__EXERCISE BRIEF__
Copy the entries below word for word, but omit any pictures they contain.

[Crawled caption data]
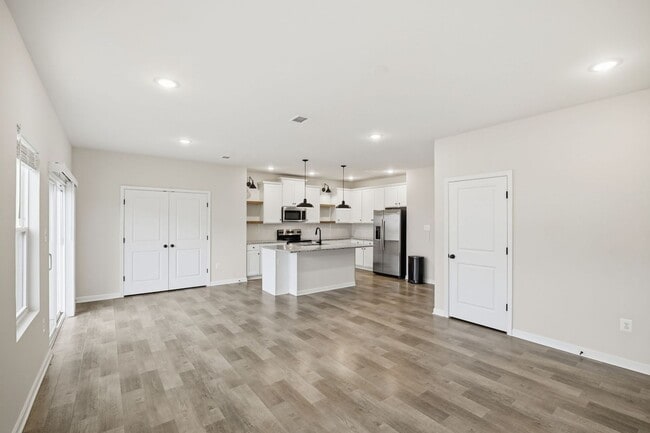 Building Photo - 22 Preening Rd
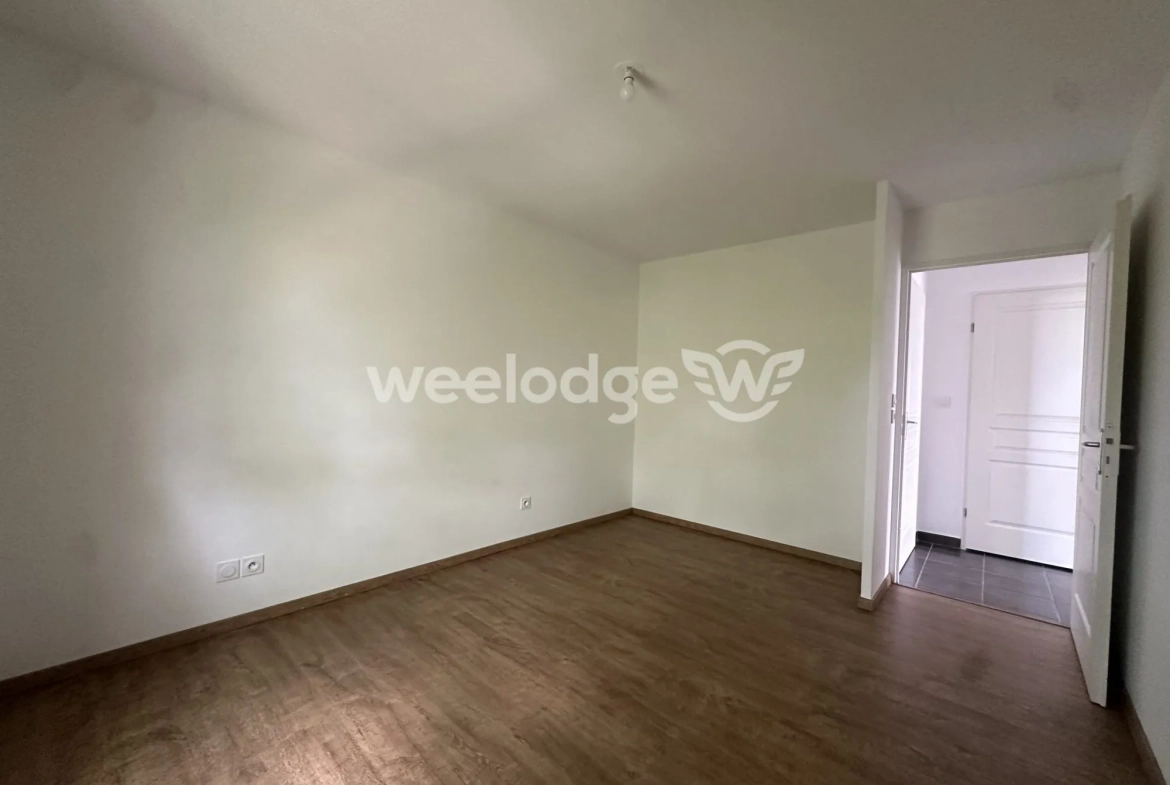 Appartement T3 rénové avec terrasse et parking à Toulouse 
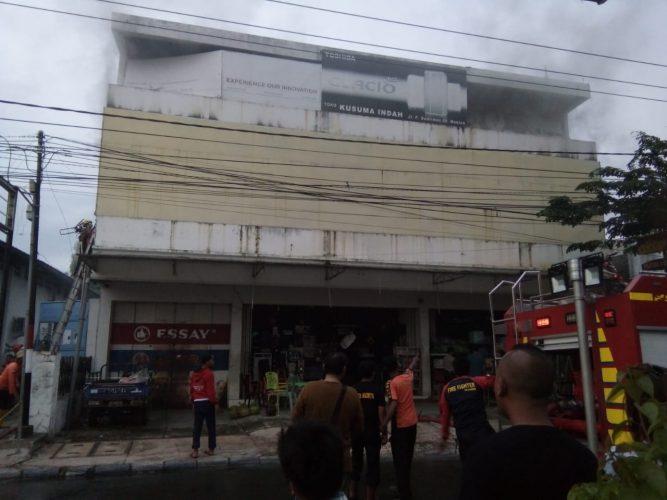 KEBAKARAN TERJADI DI WILAYAH KELURAHAN KARTOHARJO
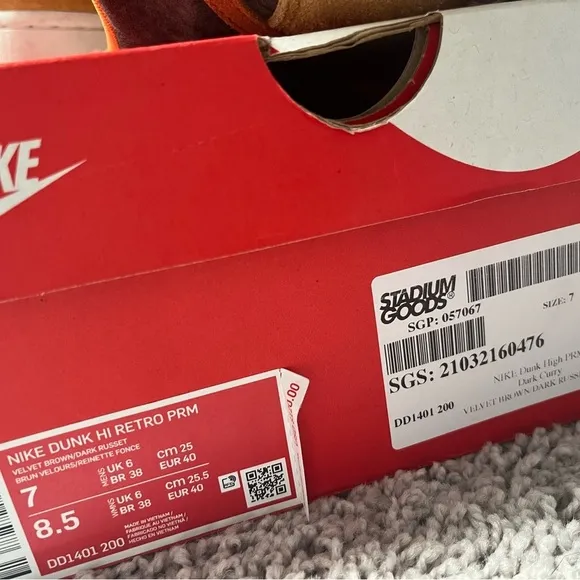 Curry Dunks size 7 big‎ kids high top suede basketball sneakers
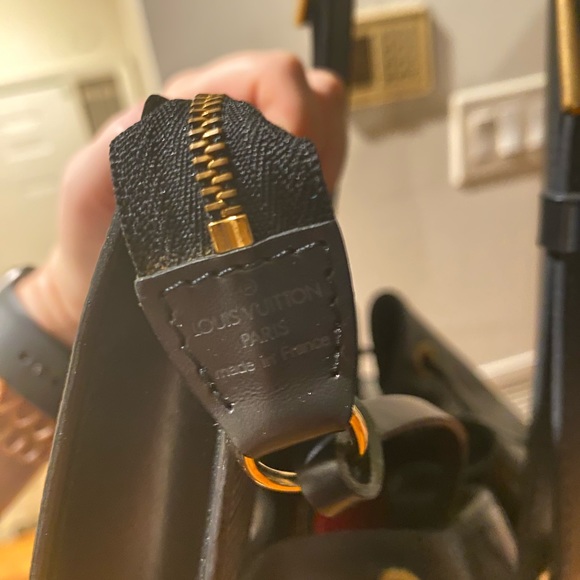 Authentic Vintage Black Epi Leather Drawstring Shoulder Purse - Picture 13 of 15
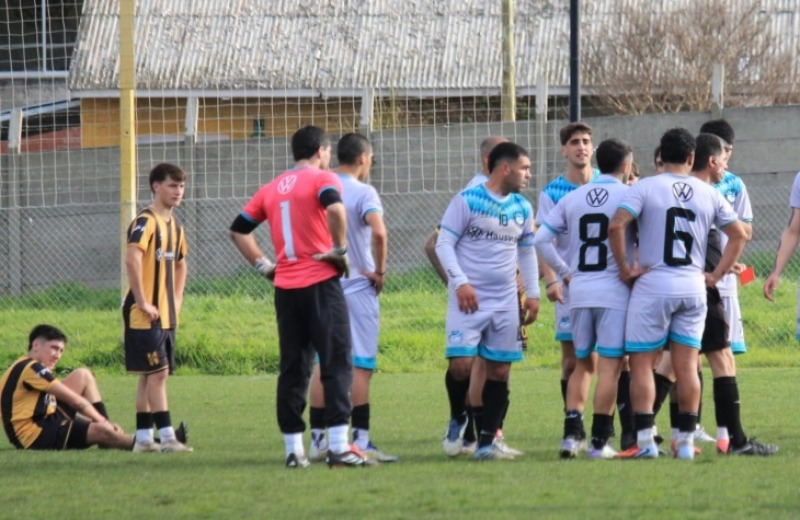 San Mart�n se sinti� perjudicado y se retir� de la cancha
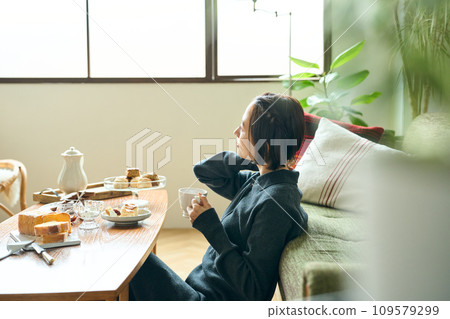 A woman relaxing in the living room 109579299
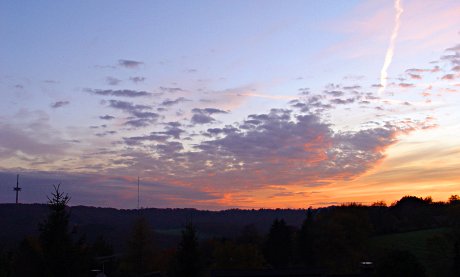 Foto: Abendlicher Himmel, rot gefrbt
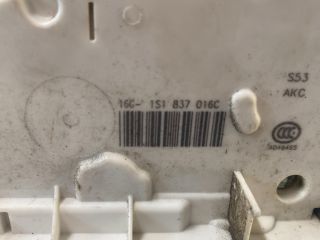 bontott SKODA FABIA II Jobb első Ajtózár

__TASK RESPONSE__
 Building Photo - 22 Preening Rd
 Appartement T3 rénové avec terrasse et parking à Toulouse 
 KEBAKARAN TERJADI DI WILAYAH KELURAHAN KARTOHARJO
 Curry Dunks size 7 big‎ kids high top suede basketball sneakers
 Authentic Vintage Black Epi Leather Drawstring Shoulder Purse - Picture 13 of 15
 San Mart�n se sinti� perjudicado y se retir� de la cancha
 A woman relaxing in the living room 109579299
 Foto: Abendlicher Himmel, rot gefrbt
 bontott SKODA FABIA II Jobb első Ajtózár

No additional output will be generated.